What is needed:
Nothing outside the range is wanted. Repeat exactly the lines below from the one with "Ecological Pyramids: Our" through the one with "СИДИМ ДОМА. Короновирус".
::: Information supplied
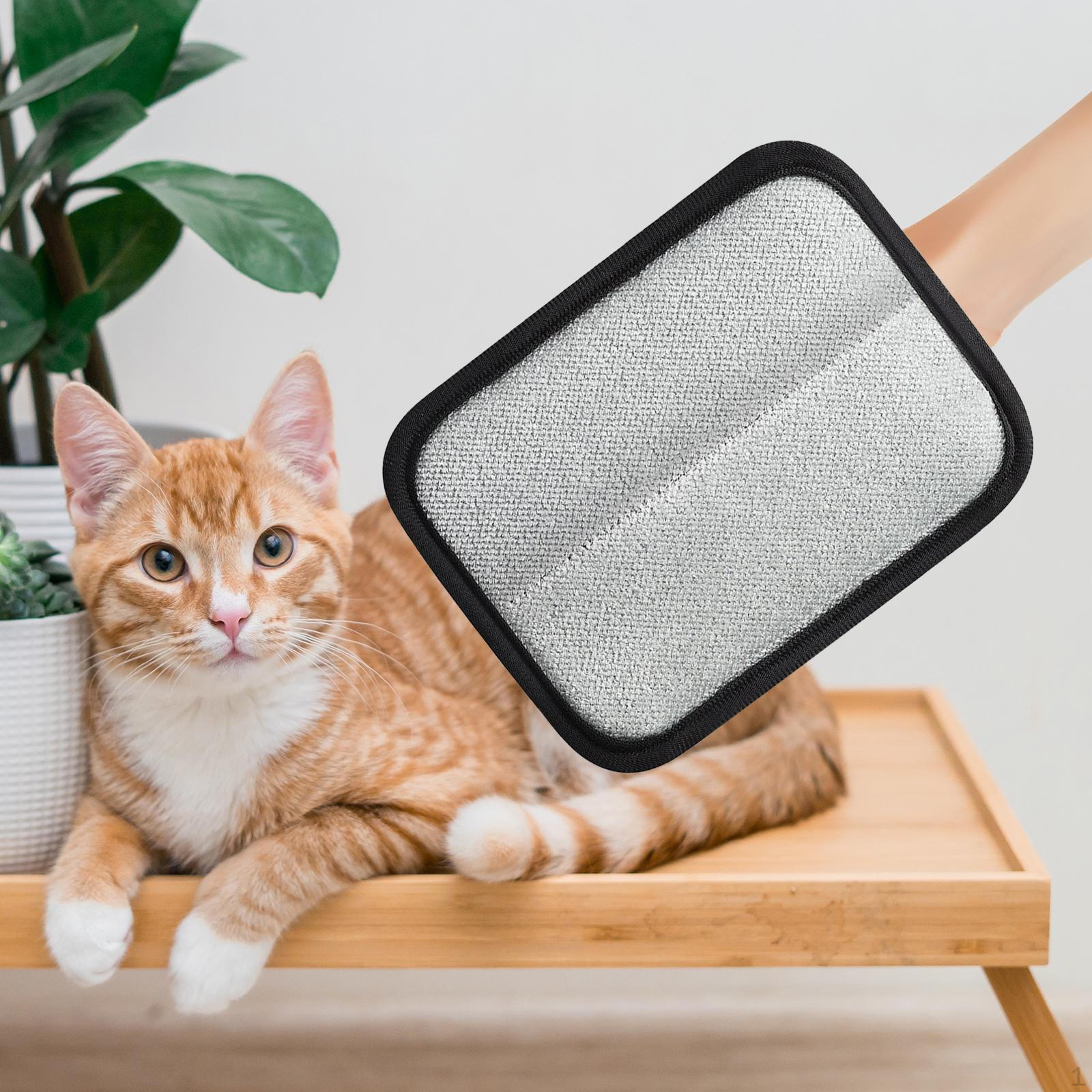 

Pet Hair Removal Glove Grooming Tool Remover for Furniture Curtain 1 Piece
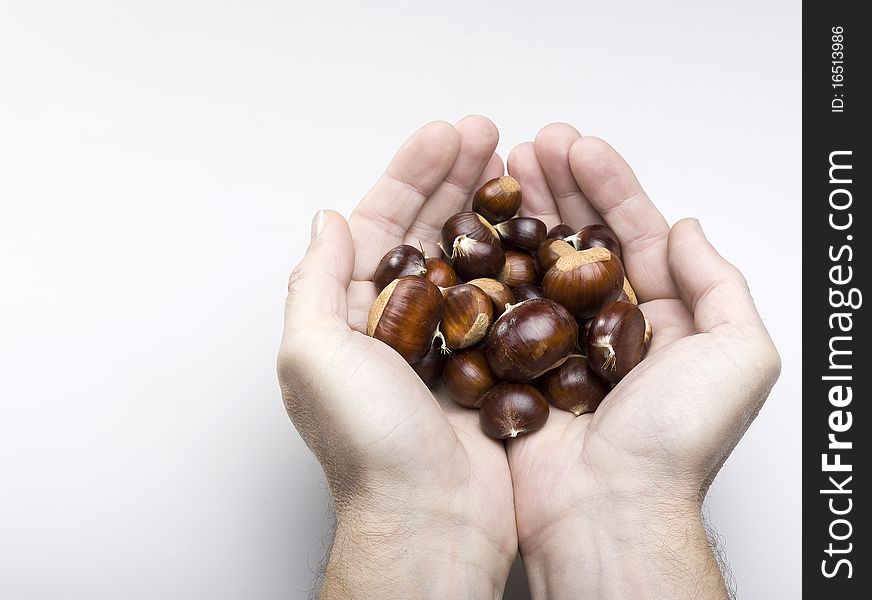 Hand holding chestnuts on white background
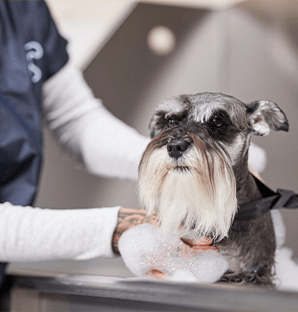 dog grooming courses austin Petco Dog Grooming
::::::
::: Information supplied
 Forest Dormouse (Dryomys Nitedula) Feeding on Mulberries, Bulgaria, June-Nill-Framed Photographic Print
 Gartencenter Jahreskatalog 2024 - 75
::::::
::: Information supplied
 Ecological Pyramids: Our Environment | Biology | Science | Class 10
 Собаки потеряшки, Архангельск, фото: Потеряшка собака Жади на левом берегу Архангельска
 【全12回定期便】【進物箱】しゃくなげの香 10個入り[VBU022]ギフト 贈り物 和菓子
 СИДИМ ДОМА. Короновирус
::::::
Result of the exercise:
 Ecological Pyramids: Our Environment | Biology | Science | Class 10
 Собаки потеряшки, Архангельск, фото: Потеряшка собака Жади на левом берегу Архангельска
 【全12回定期便】【進物箱】しゃくなげの香 10個入り[VBU022]ギフト 贈り物 和菓子
 СИДИМ ДОМА. Короновирус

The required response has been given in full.